• Task goal:
Could you output the entries that follow exactly, omitting any pictures they contain?

Image-text web data
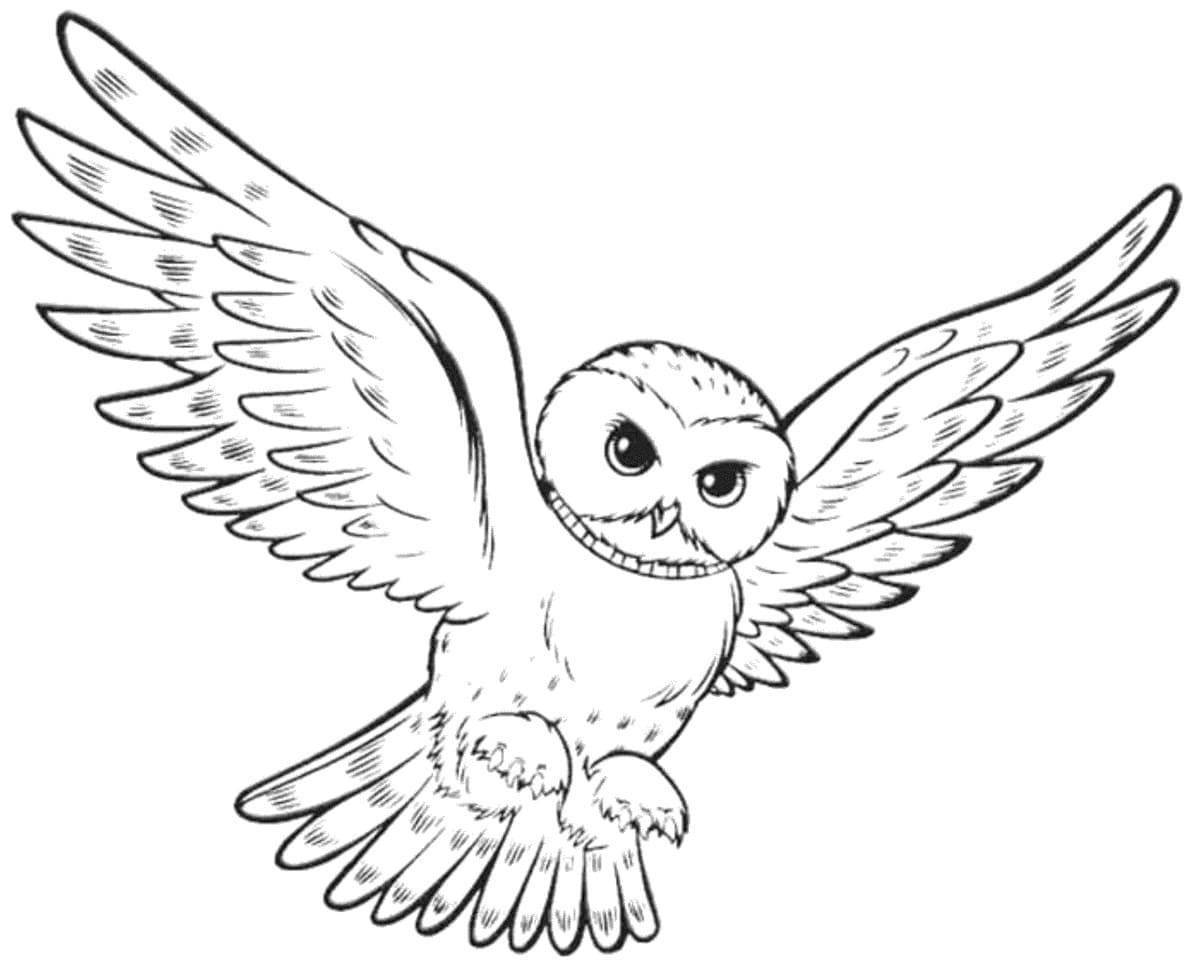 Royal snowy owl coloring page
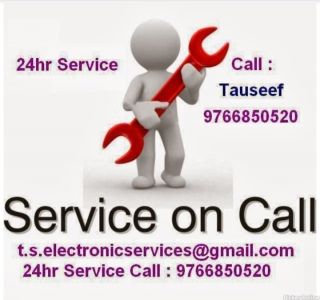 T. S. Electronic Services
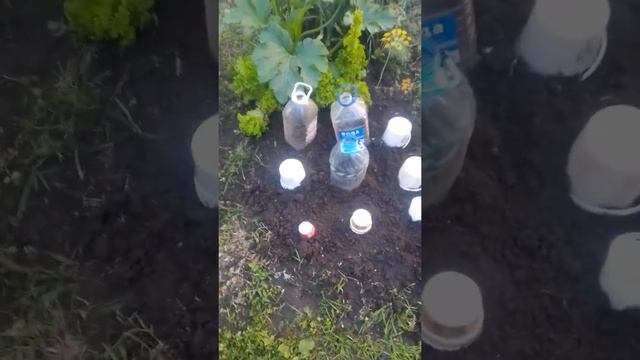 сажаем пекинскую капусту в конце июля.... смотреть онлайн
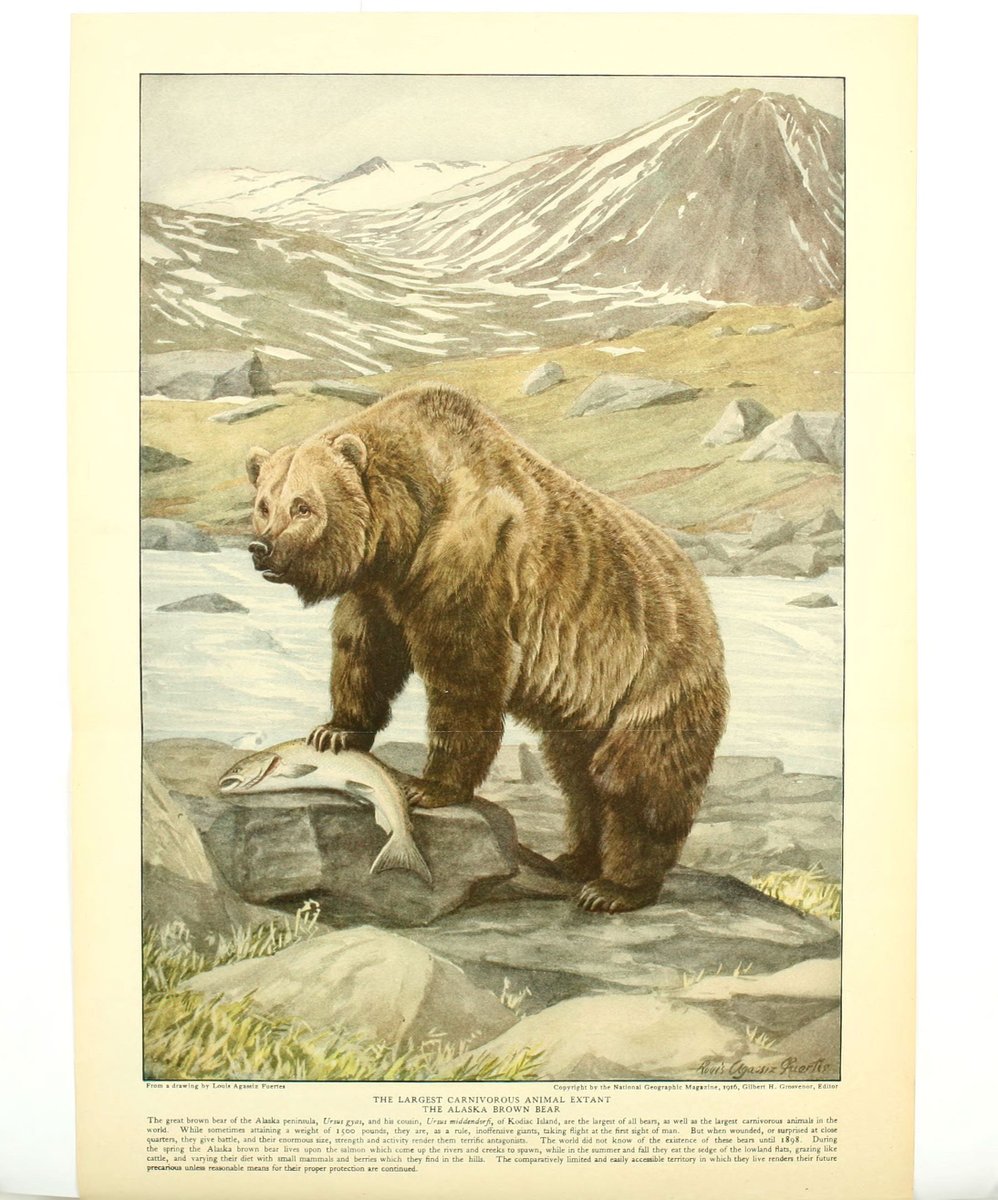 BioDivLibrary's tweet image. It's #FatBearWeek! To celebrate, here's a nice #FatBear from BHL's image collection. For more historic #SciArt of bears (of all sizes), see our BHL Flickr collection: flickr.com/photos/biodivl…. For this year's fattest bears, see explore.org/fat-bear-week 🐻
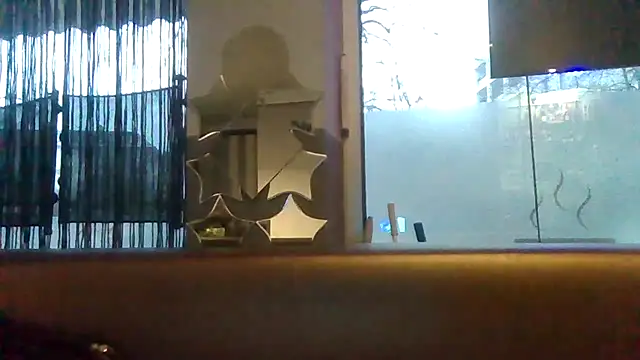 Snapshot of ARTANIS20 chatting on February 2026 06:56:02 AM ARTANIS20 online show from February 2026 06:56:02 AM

• Answer to the exercise:
 Royal snowy owl coloring page
 T. S. Electronic Services
 сажаем пекинскую капусту в конце июля.... смотреть онлайн
 BioDivLibrary's tweet image. It's #FatBearWeek! To celebrate, here's a nice #FatBear from BHL's image collection. For more historic #SciArt of bears (of all sizes), see our BHL Flickr collection: flickr.com/photos/biodivl…. For this year's fattest bears, see explore.org/fat-bear-week 🐻
 Snapshot of ARTANIS20 chatting on February 2026 06:56:02 AM ARTANIS20 online show from February 2026 06:56:02 AM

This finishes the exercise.